---------- Data shown ----------
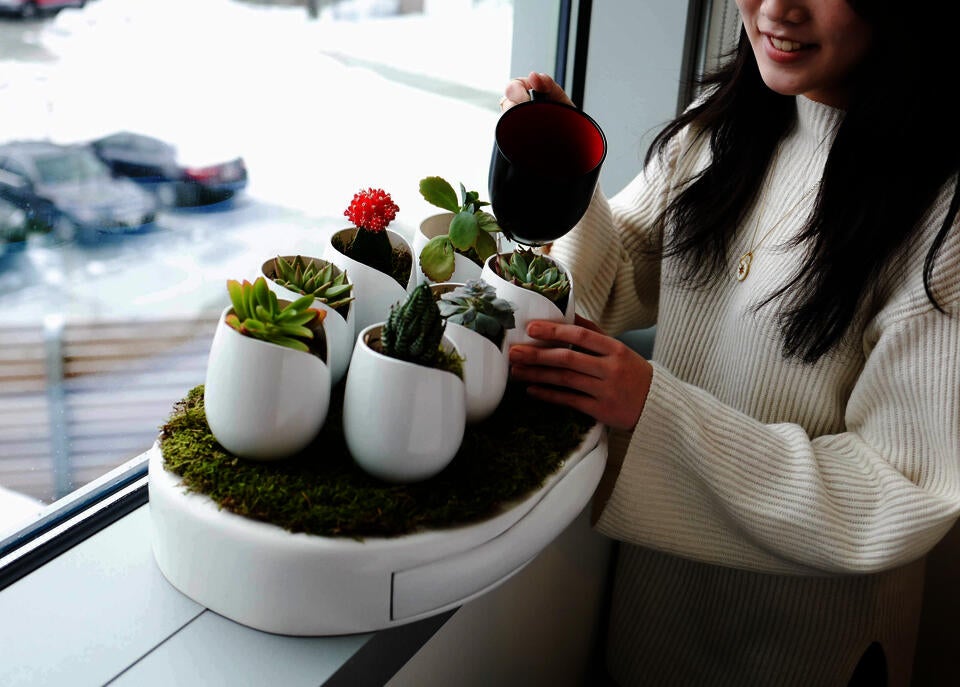 Industrial Design project by Alice Kim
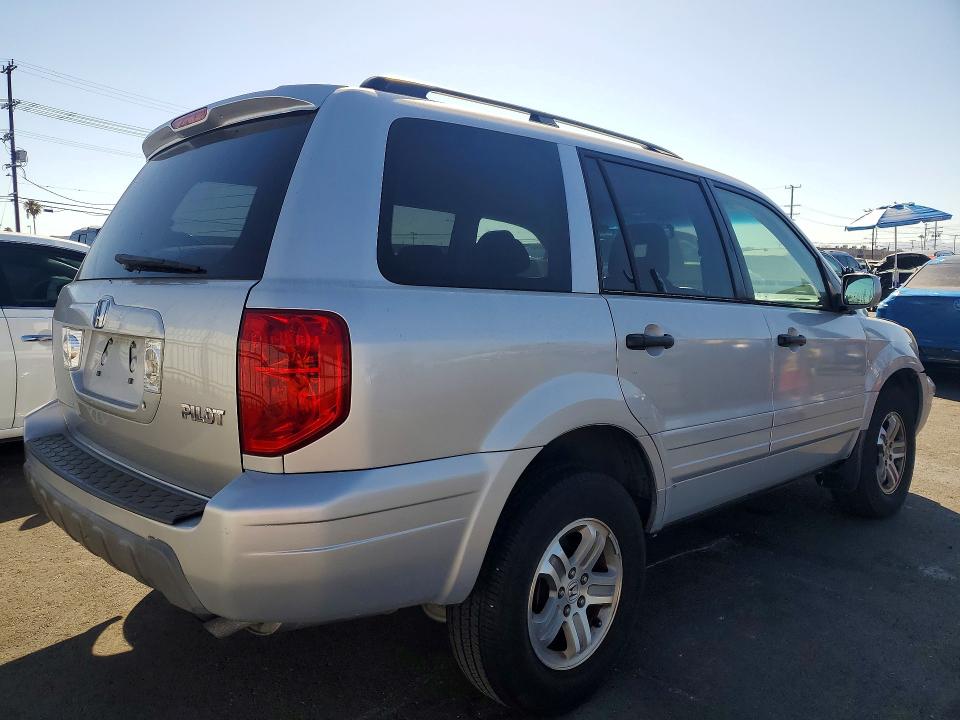 Aukcja sprzedaży 2003 Honda Pilot, vin: 2HKYF18413H584401, numer aukcji: 57855156
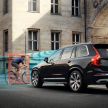 Volvo Cars and POC helmets develop world’s first car-bicycle helmet crash test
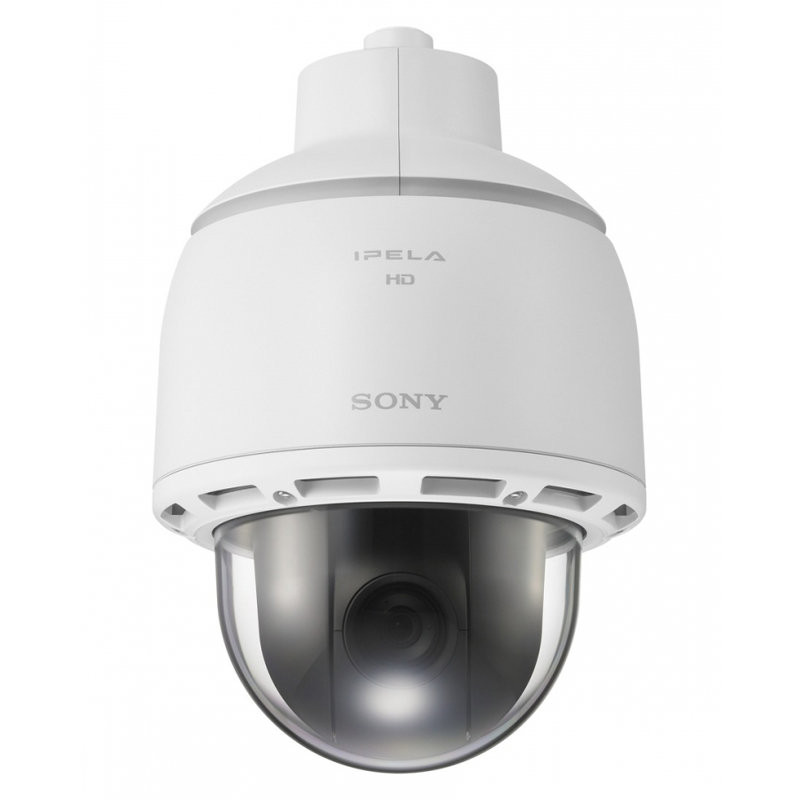 Sony SNC-WR632C Outdoor Dome IP Security Camera discontinued
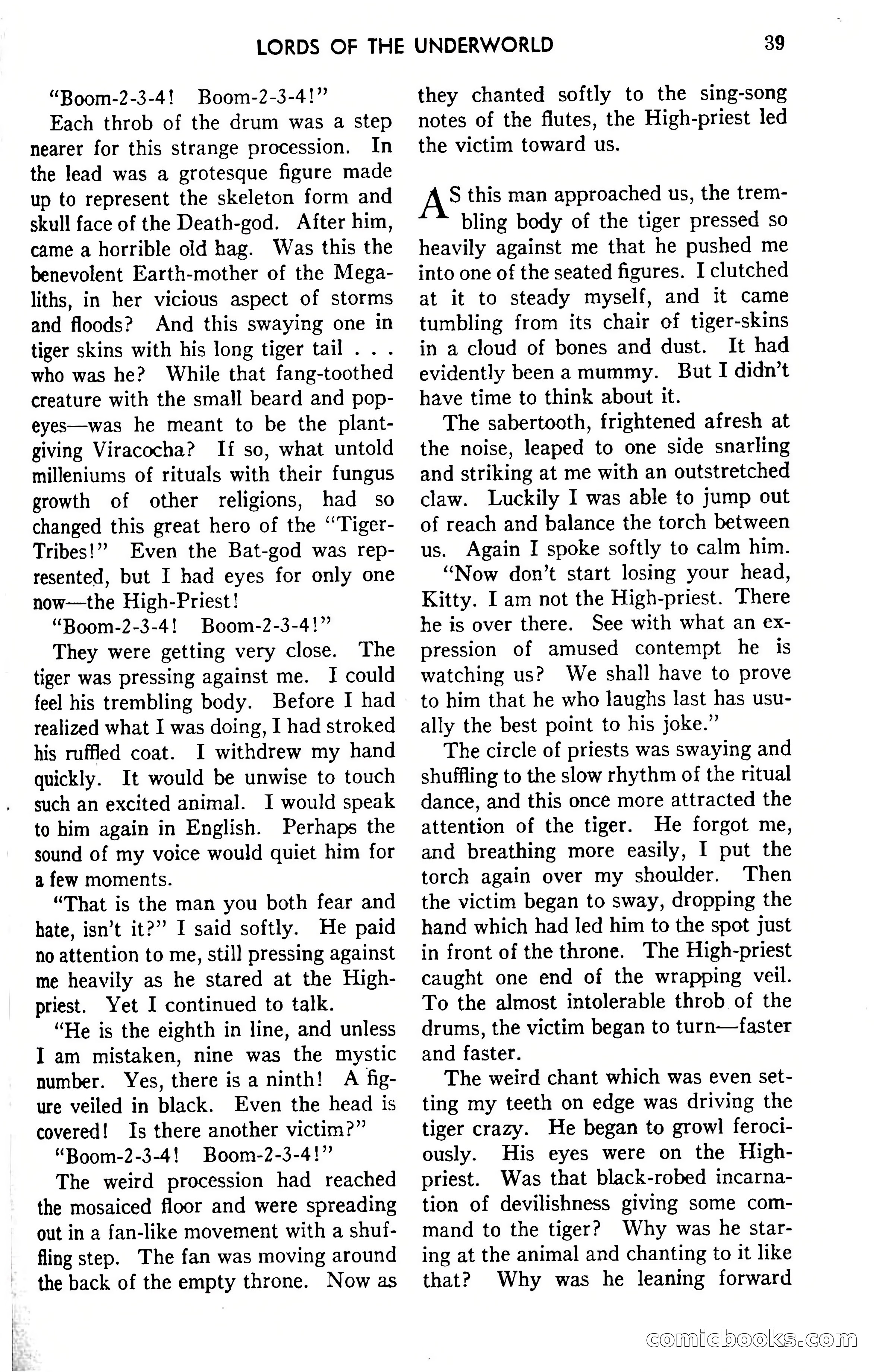 Amazing Stories, April 1941 — page 39 of 148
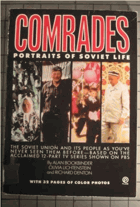 Comrades - portraits of Soviet life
----------
What this task involves: The records above should be returned exactly; no image belongs in the copy.

Exercise response:
 Industrial Design project by Alice Kim
 Aukcja sprzedaży 2003 Honda Pilot, vin: 2HKYF18413H584401, numer aukcji: 57855156
 Volvo Cars and POC helmets develop world’s first car-bicycle helmet crash test
 Sony SNC-WR632C Outdoor Dome IP Security Camera discontinued
 Amazing Stories, April 1941 — page 39 of 148
 Comrades - portraits of Soviet life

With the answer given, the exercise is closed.